No queremos vivir sin esa sonrisa. Nuestros errores -por grandes que puedan llegar a ser- no son capaces de borrarla. Si nos levantamos de nuevo, podemos buscar con la mirada sus ojos, y nos volveremos a contagiar de su alegría. Mirad: para nuestra Madre Santa María, jamás dejamos de ser pequeños, porque Ella nos abre el camino hacia el Reino de los Cielos, que será dado a los que se hacen niños (Cfr. Mt XIX, 14). De Nuestra Señora no debemos apartarnos nunca. Y Ella siempre permanece cercana, para mostrarnos su rostro sonriente.

Levantaremos la mirada a esa Estrella que es María, para que con su luz nos oriente y nos guíe hasta la orilla firme del alba, hasta la tierra segura de la patria definitiva.

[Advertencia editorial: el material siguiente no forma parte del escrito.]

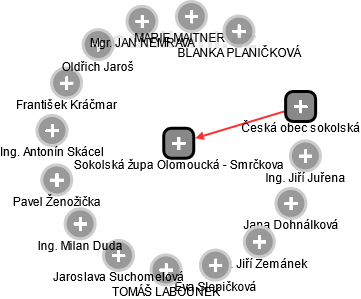 Sokolská župa Olomoucká - Smrčkova - náhled vizuálního zobrazení vztahů obchodního rejstříku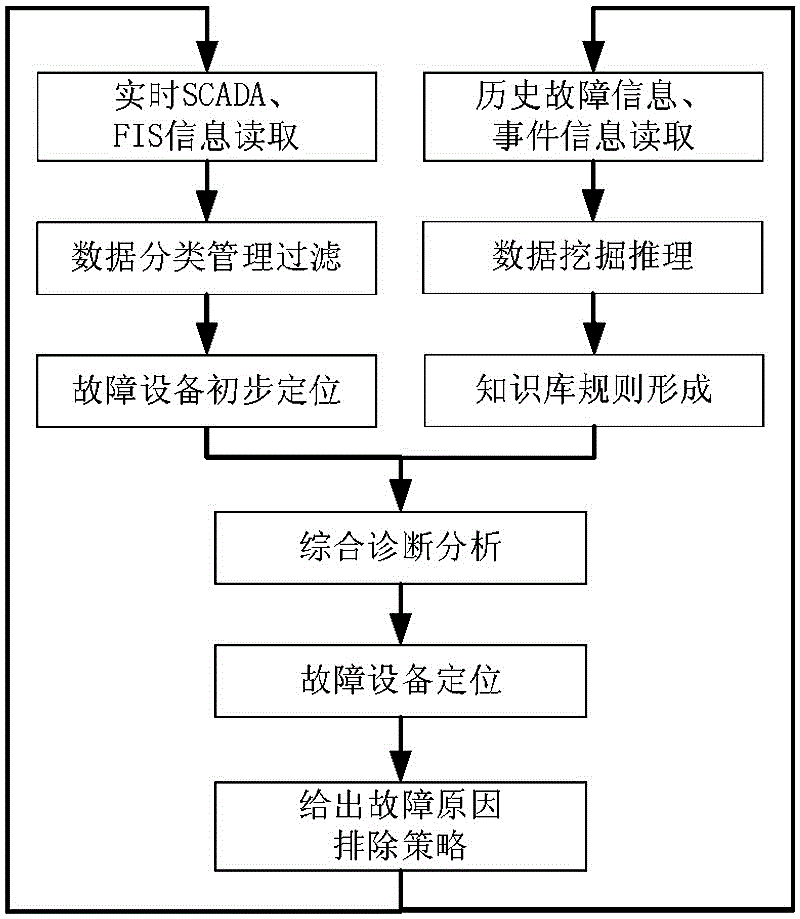 Secondary apparatus fault diagnosis method based on data excavation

Que nuestra alma sedienta acuda a esta fuente, y que nuestra miseria recurra a este tesoro de compasión. Virgen bendita, que tu bondad haga conocer en adelante al mundo, la gracia que tú has hallado junto a Dios: consigue con tus oraciones el perdón de los culpables, la salud de los enfermos, el consuelo de los afligidos, ayuda y libertad para los que están en peligro.

La Virgen María nos trae la gracia, que es Jesús. Trayendo a Jesús, la Virgen nos trae también a nosotros una alegría nueva, plena de significado, nos trae una nueva capacidad de atravesar con fe los momentos más dolorosos y difíciles.

La Virgen es nuestra Madre. Una verdad que he tratado de hacer mía -nos confiará San Josemaría-, que he predicado de continuo y que todo católico ha oído y repetido mil veces, hasta colocarla muy en lo íntimo del corazón, y asimilarla de una manera personal y vivida. Cada cristiano puede, echando la vista hacia atrás, reconstruir la historia de sus relaciones con la Madre del Cielo. Una historia en la que hay fechas, personas y lugares concretos, favores que reconocemos como venidos de Nuestra Señora, y encuentros cargados de un especial sabor. Nos damos cuenta de que el amor que Dios nos manifiesta a través de María, tiene toda la hondura de lo divino y, a la vez, la familiaridad y el calor propios de lo humano. Con María, contando con su sonrisa, gozaremos ya ahora del gaudium cum pace, preludio del que poseeremos en el Cielo. (Eduardo Peláez. Almudi).